Appellant’s final point is that (a) his plea of guilty was involuntary because “he was represented by indifferent court appointed counsel”; (b) he was under a misapprehension and was fearful “that the prosecuting attorney would increase the sentence because the prosecuting attorney had the power to set the sentence,” and (c-) he was not properly advised concerning his rights (i) to a trial, or (ii) “as to the nature of his plea or consequences of his plea of guilty.”

As to (a) : There is no evidence whatever from which indifference on the part of appellant’s counsel could be inferred. The record shows that counsel investigated the charge, and advised and counseled with appellant.

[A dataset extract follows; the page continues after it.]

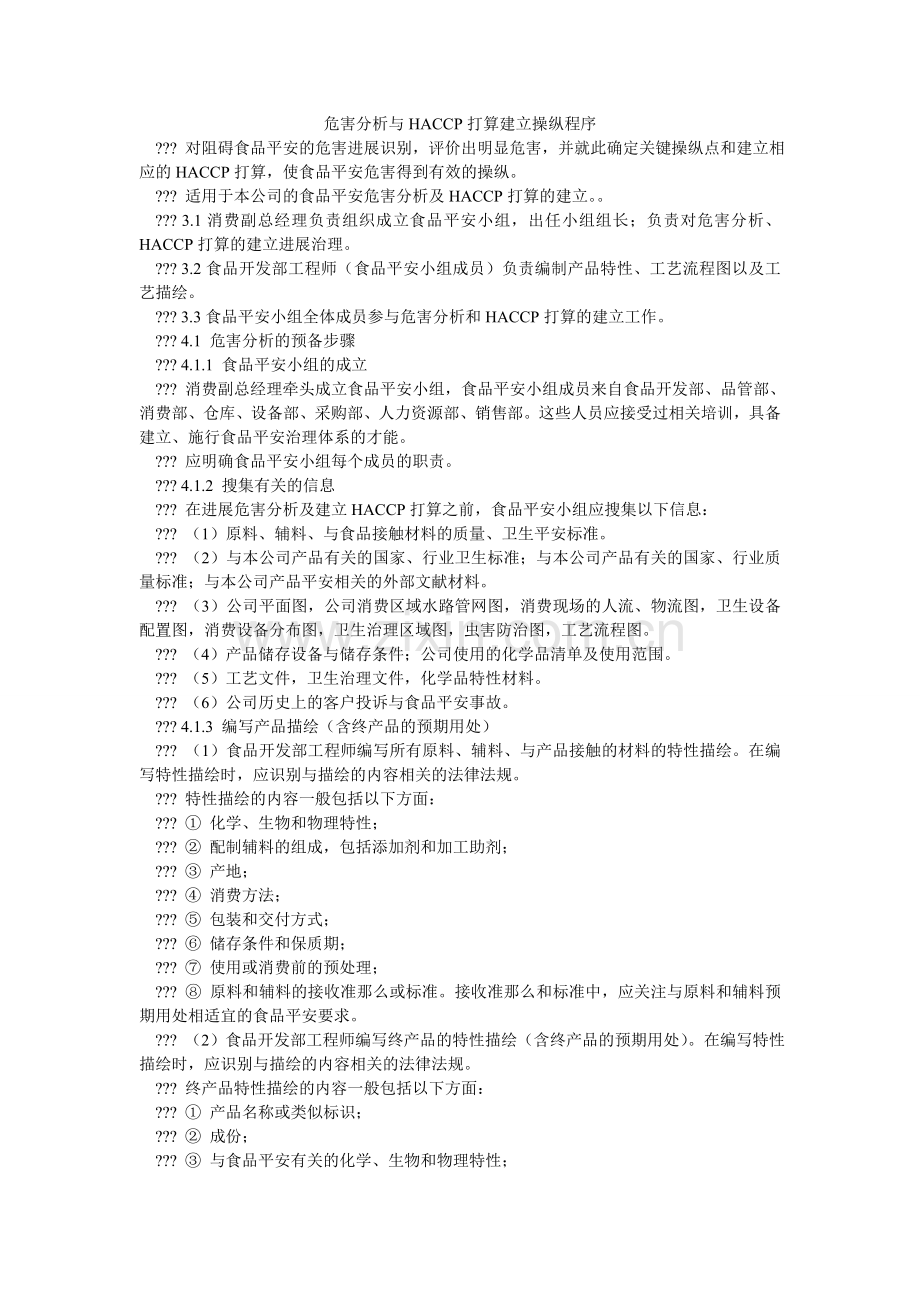 危害分ۥ析与HACCP计划建立控制程序.doc_第1页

As to (b): The prosecuting attorney first advised appellant’s counsel that if a plea of guilty was entered he would recommend a sentence of ten years, but that was refused by appellant. While awaiting trial, appellant escaped from jail and committed several other serious crimes. The prosecuting attorney then told appellant and his counsel that he would no longer recommend ten years, but his recommendation would be twenty-five years. The circuit judge who received and accepted appellant’s plea of guilty testified that it was not his custom to accept the recommendation of the prosecuting attorney as to punishment, but that he listened to both sides and then imposed the sentence he thought was proper. The prosecuting attorney did not have the “power to set the punishment,” and there is nothing in the evidence to indicate that he attempted to assume or did assume that power.

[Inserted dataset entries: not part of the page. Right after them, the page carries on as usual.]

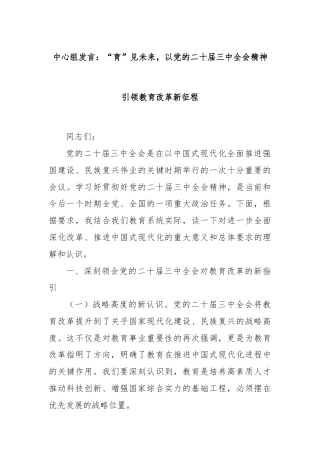 中心组发言：“育”见未来，以党的二十届三中全会精神引领教育改革新征程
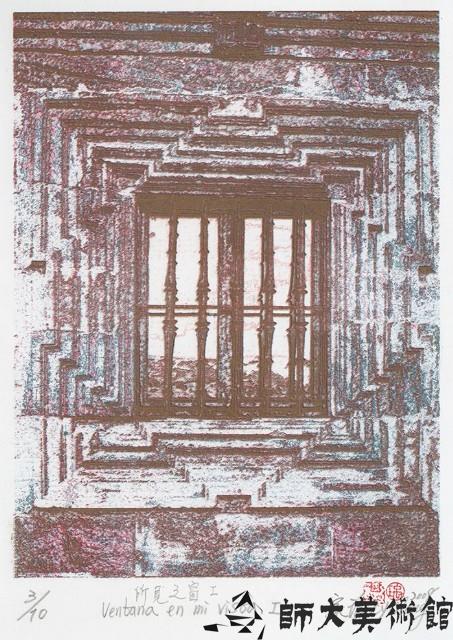 Accession Number:2020-02-2560 Collection Image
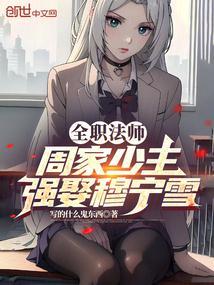 全职法师之周少尊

As to (c): A transcript of what occurred at the time appellant entered his plea of guilty is an exhibit in this case. It shows that appellant appeared in court with his counsel, and after court related to him what had occurred at the time of his arraignment including the fact that he pleaded not guilty, the court asked appellant the purpose of his appearance in court at that time, and he replied, “Change my plea, Sir.” There then followed a discussion between appellant and the court in which appellant stated that he had counseled with his attorney and thoroughly and completely understood the charge against him; that he planned to enter a plea of guilty at the time of arraignment but his “lawyers changed [his] mind;” and that he understood that he was entering a plea of guilty to robbery in the first degree by means of a dangerous and deadly weapon. Appellant was told the range of punishment, and he acknowledged that he had counseled with his attorneys concerning it and understood the range of punishment. The prosecuting attorney recommended that the punishment be imprisonment for a term of twenty-five years, and at allocution appellant stated that he knew of no legal reason why sentence and judgment should not be entered. Appellant asserts, in effect, that he was not told in precise words that he had a right to trial. However, the record shows that at appellant’s request the prosecuting attorney visited him, and he was then told that if he wanted a trial, it would be held. We do not know what appellant contends to have been the “nature of the plea” as to which he was not advised, and by advising him of the range of punishment he was told the consequences of his plea. We note that appellant did not testify at the hearing on *126his motion, and the testimony which we have outlined was not denied.

Appellant has failed to meet his burden to establish a right to any relief, and the findings and conclusions of the trial court are not clearly erroneous.

The judgment is affirmed.

HOUSER, G, concurs.

PER CURIAM:

The foregoing opinion by STOCKARD, C, is adopted as the opinion of the Court.

MORGAN, P. J., and HENLEY and DONNELLY, JJ., and DIXON, Special Judge, all concur.